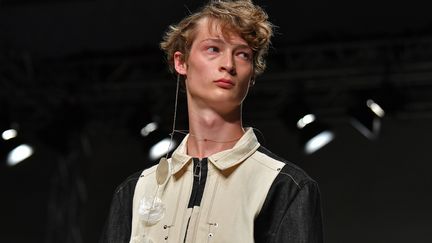 La Fashion Week a mis en valeur de jeunes pousses de la mode, comme le Coréen Younchan Chung, qui a créé en 2015 le label the-sirius et qui séduit les fashionistas avec son style moderne. "Cette saison, j'ai imaginé mes vacances de rêve : je voulais créer une collection qui reflétait le soleil chaud et les magnifiques couleurs de l'Europe", a expliqué le créateur de 24 ans. "J'ai dessiné un look casual, relax mais luxueux", a-t-il ajouté. Chemise, short, pantalon : la collection, unisexe et portée avec des Birkenstock, est légère, simple tout en étant luxueuse. A l'essence du style the-sirius - lignes droites, formes géométriques et tons beige et blanc - Younchan Chung a ajouté de la broderie sur les vestes, hauts ou pantalons. Et aussi des vêtements aux couleurs inspirées de fruits gorgés de soleil : vert anis, orange et jaune citron.
 (Marco BERTORELLO / AFP)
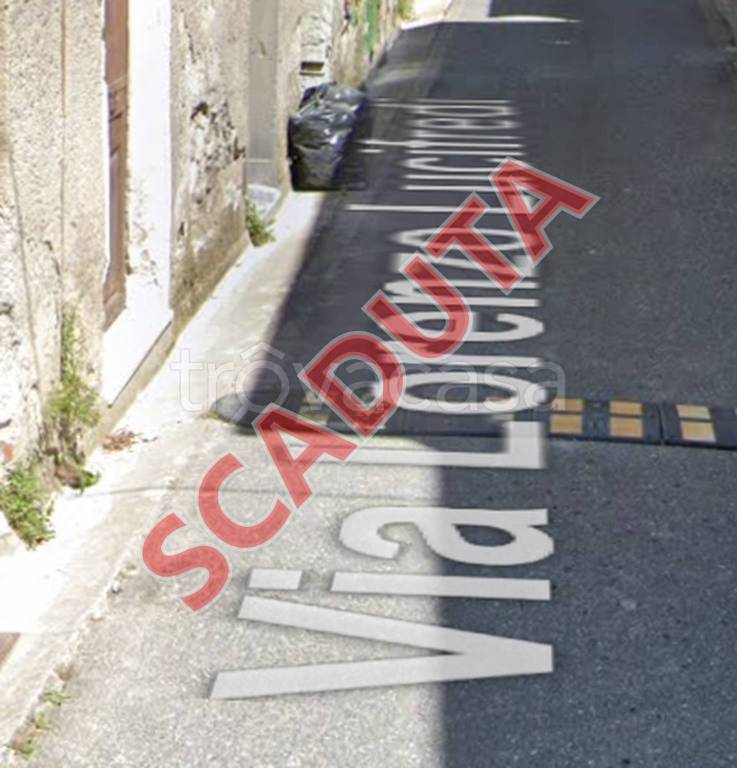 locale commerciale in vendita a Borghetto d'Arroscia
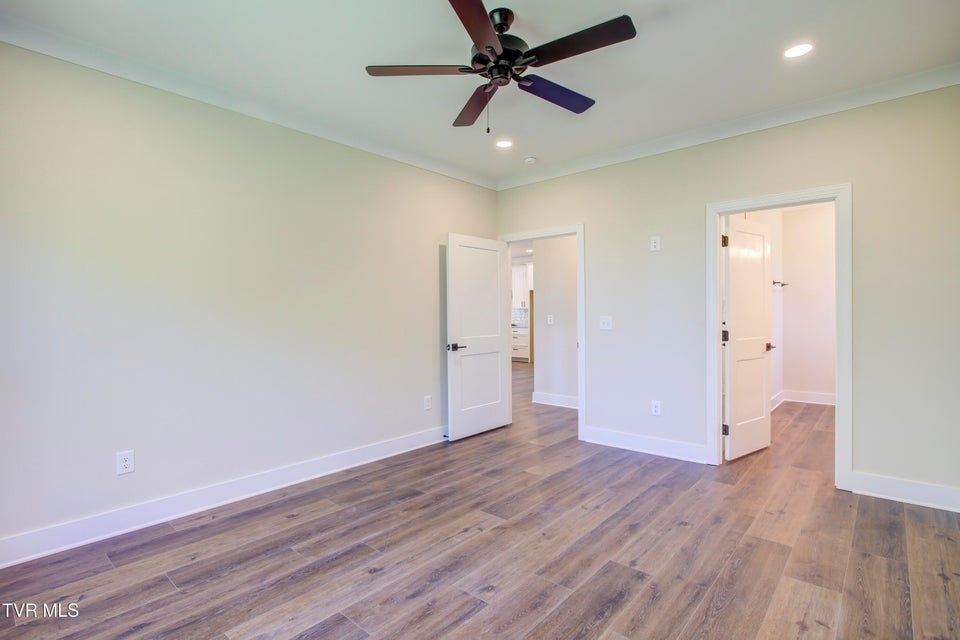 Photo #26: 286 Dry Kiln Court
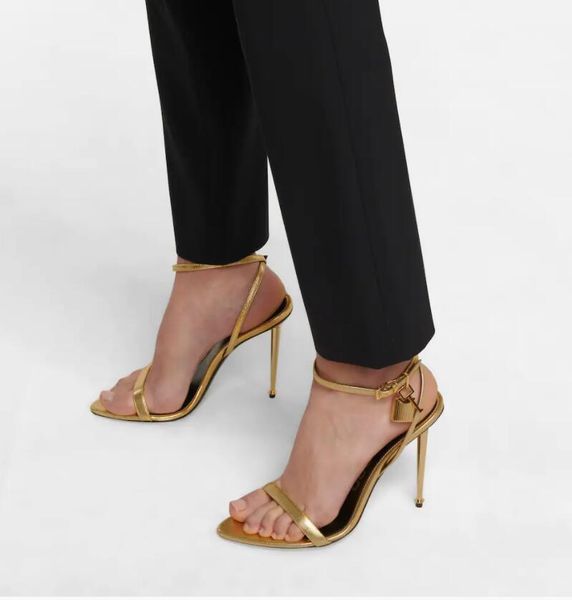 tom-fords-heels woman sandal pop queen heels tom-heel padlock sandals high-heeled luxury designer high heeled naked pumps gold nappa genuine, Black
tom-fords-heels woman sandal pop queen heels tom-heel padlock sandals high-heeled luxury designer high heeled naked pumps gold nappa genuine, Black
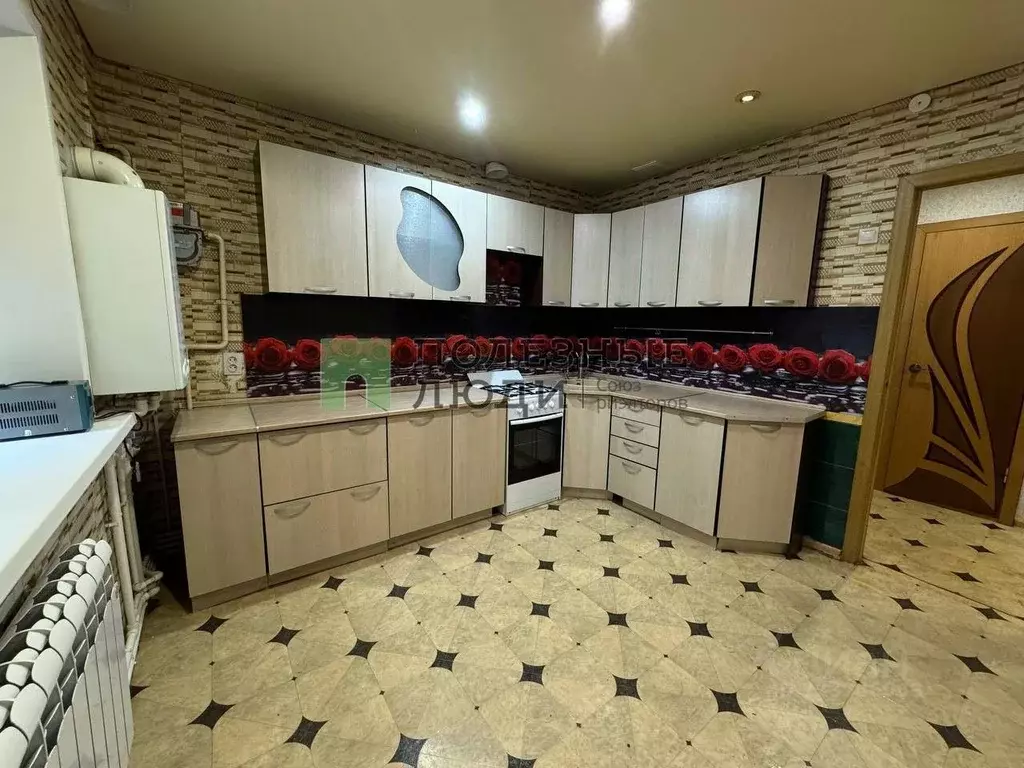 2-к кв. Астраханская область, с. Красный Яр ул. Генерала Тутаринова, ... - Фото 2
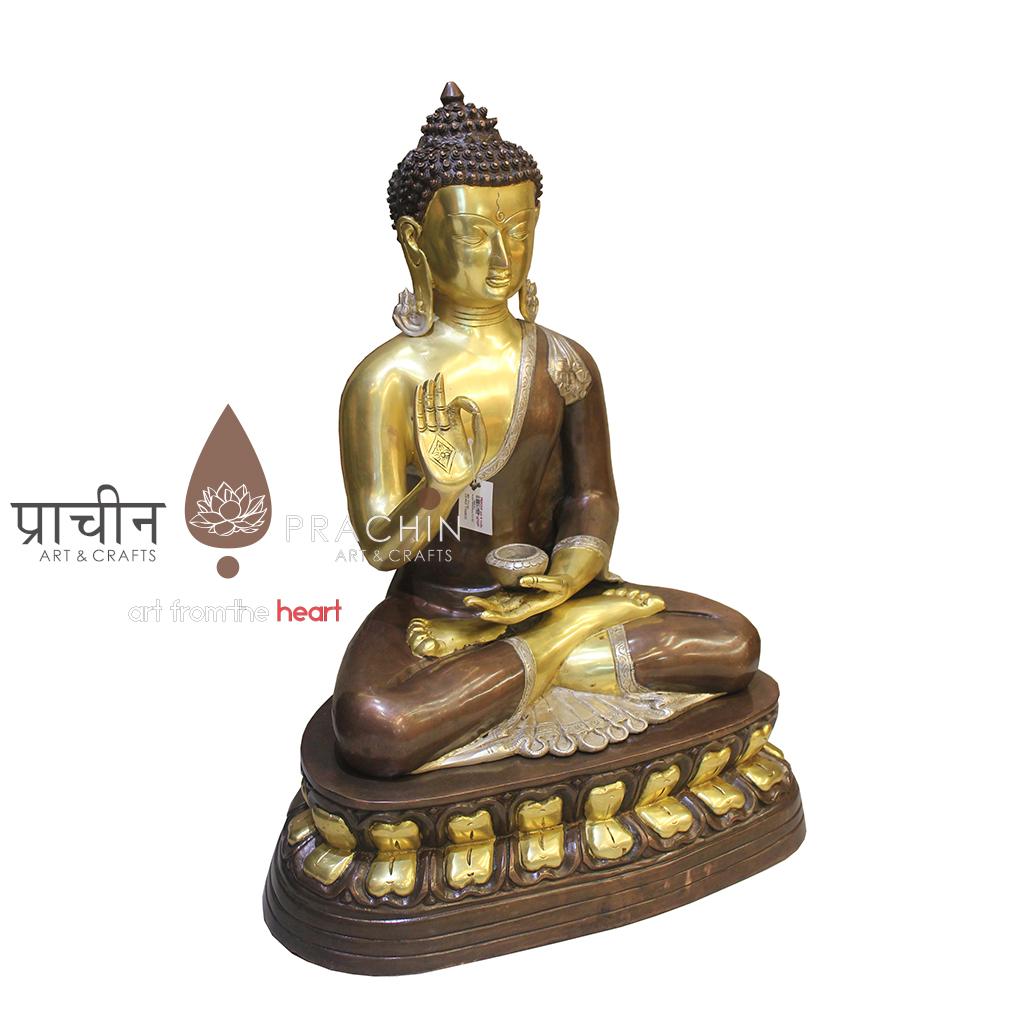 Buddha Sitting in Dhyana Mudra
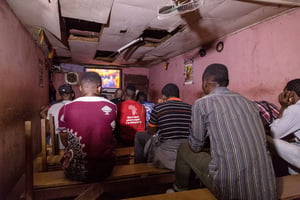 Yaoundé : un vidéo-club accueille chaque semaine des homosexuels pour leur prodiguer des conseils en matière d’hygiène sexuelle afin de lutter contre le VIH. © AFP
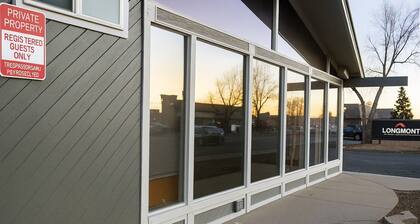 Perfect cottage in Longmont with cozy charm and comfort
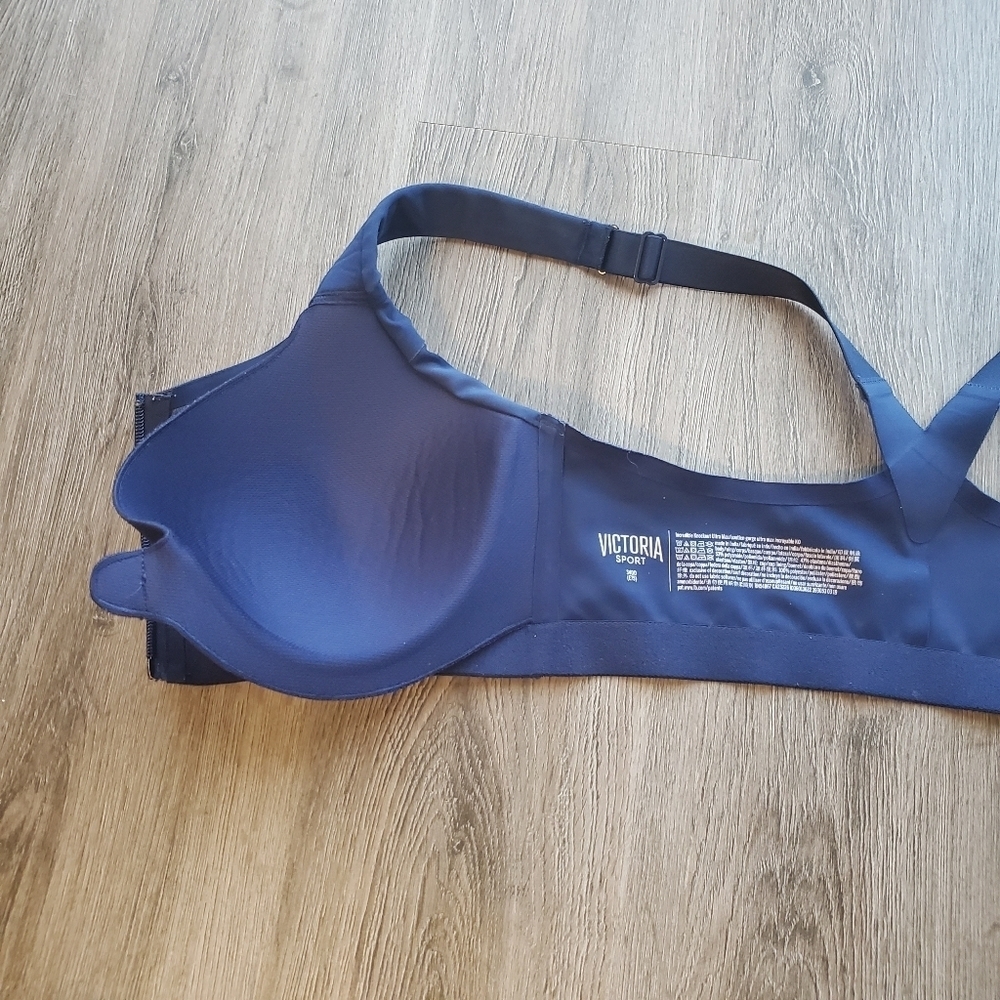 Victoria's Secret Sports Bra - Picture 6 of 7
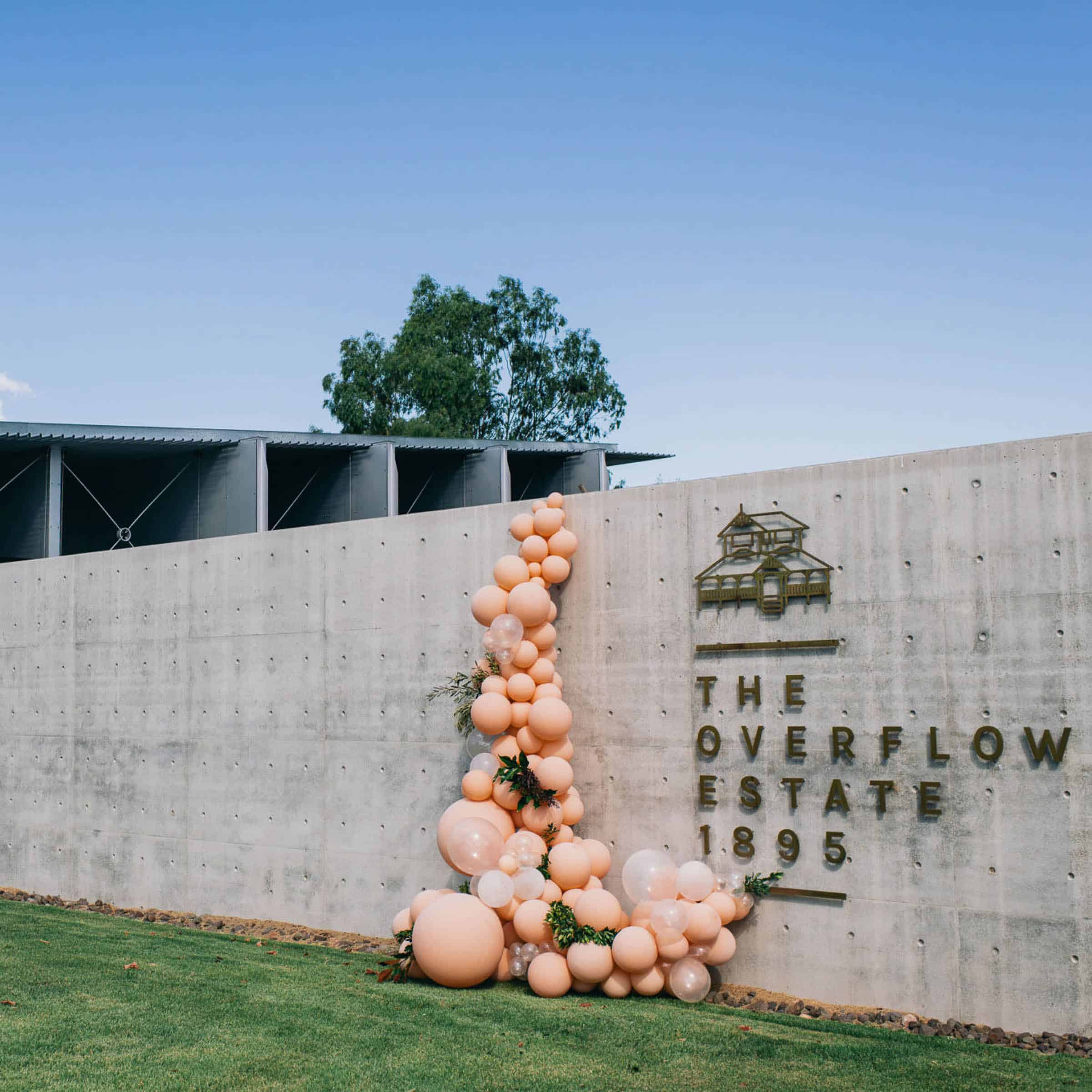 Winery Helicopter Lunch - The Overflow Estate 1895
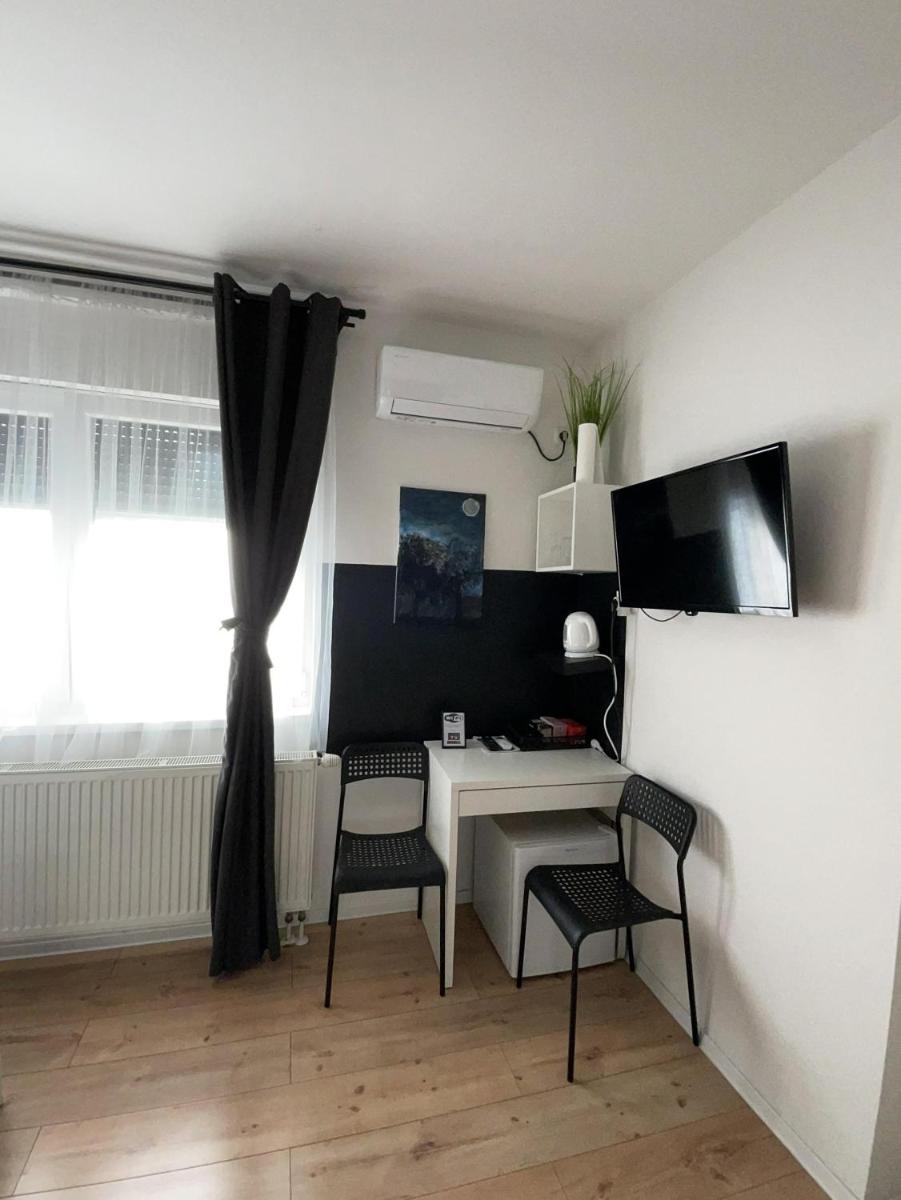 4 STARS ROOMS Near Airport - Housity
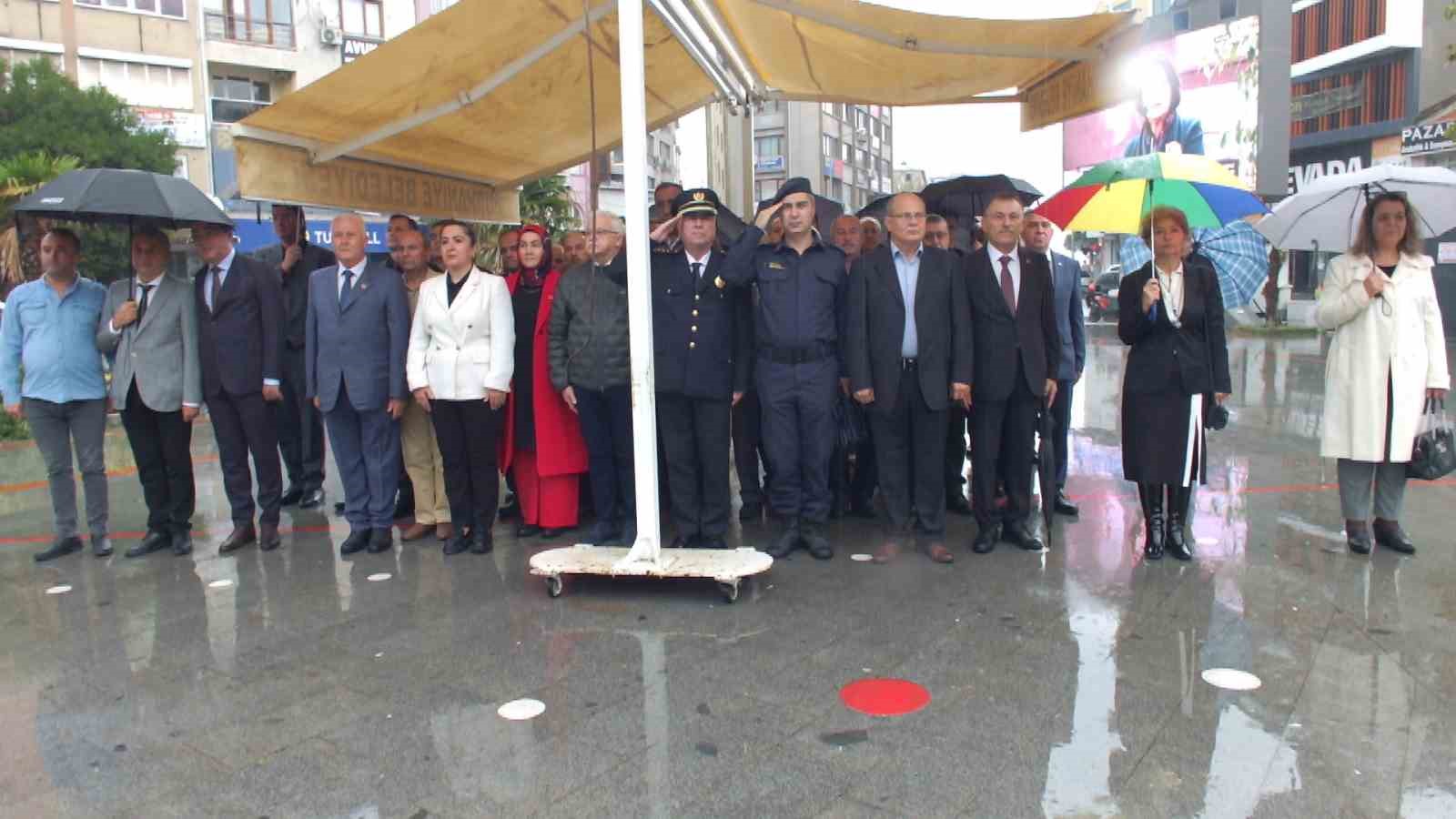 BALIKESİR'DE MUHTARLAR  GÜNÜ YAĞMUR ALTINDA KUTLANDI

__________

Exercise brief:
Set down the complete material exactly, but do not include the images.

Output below:
 La Fashion Week a mis en valeur de jeunes pousses de la mode, comme le Coréen Younchan Chung, qui a créé en 2015 le label the-sirius et qui séduit les fashionistas avec son style moderne. "Cette saison, j'ai imaginé mes vacances de rêve : je voulais créer une collection qui reflétait le soleil chaud et les magnifiques couleurs de l'Europe", a expliqué le créateur de 24 ans. "J'ai dessiné un look casual, relax mais luxueux", a-t-il ajouté. Chemise, short, pantalon : la collection, unisexe et portée avec des Birkenstock, est légère, simple tout en étant luxueuse. A l'essence du style the-sirius - lignes droites, formes géométriques et tons beige et blanc - Younchan Chung a ajouté de la broderie sur les vestes, hauts ou pantalons. Et aussi des vêtements aux couleurs inspirées de fruits gorgés de soleil : vert anis, orange et jaune citron.
 (Marco BERTORELLO / AFP)
 locale commerciale in vendita a Borghetto d'Arroscia
 Photo #26: 286 Dry Kiln Court
 tom-fords-heels woman sandal pop queen heels tom-heel padlock sandals high-heeled luxury designer high heeled naked pumps gold nappa genuine, Black
tom-fords-heels woman sandal pop queen heels tom-heel padlock sandals high-heeled luxury designer high heeled naked pumps gold nappa genuine, Black
 2-к кв. Астраханская область, с. Красный Яр ул. Генерала Тутаринова, ... - Фото 2
 Buddha Sitting in Dhyana Mudra
 Yaoundé : un vidéo-club accueille chaque semaine des homosexuels pour leur prodiguer des conseils en matière d’hygiène sexuelle afin de lutter contre le VIH. © AFP
 Perfect cottage in Longmont with cozy charm and comfort
 Victoria's Secret Sports Bra - Picture 6 of 7
 Winery Helicopter Lunch - The Overflow Estate 1895
 4 STARS ROOMS Near Airport - Housity
 BALIKESİR'DE MUHTARLAR  GÜNÜ YAĞMUR ALTINDA KUTLANDI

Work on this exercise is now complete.